[Start of Attachment]
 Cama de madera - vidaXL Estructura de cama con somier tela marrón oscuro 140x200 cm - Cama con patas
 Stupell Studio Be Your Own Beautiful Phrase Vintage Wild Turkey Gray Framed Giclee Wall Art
[End of Attachment]
[Start of Attachment]
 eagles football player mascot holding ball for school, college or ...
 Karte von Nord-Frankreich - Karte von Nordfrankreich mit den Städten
[End of Attachment]
Activity >> In the entries above, one line contains "Cama de madera" and another contains "Stupell Studio Be". Reproduce exactly those two lines and the lines between them, nothing else.

Response >>
 Cama de madera - vidaXL Estructura de cama con somier tela marrón oscuro 140x200 cm - Cama con patas
 Stupell Studio Be Your Own Beautiful Phrase Vintage Wild Turkey Gray Framed Giclee Wall Art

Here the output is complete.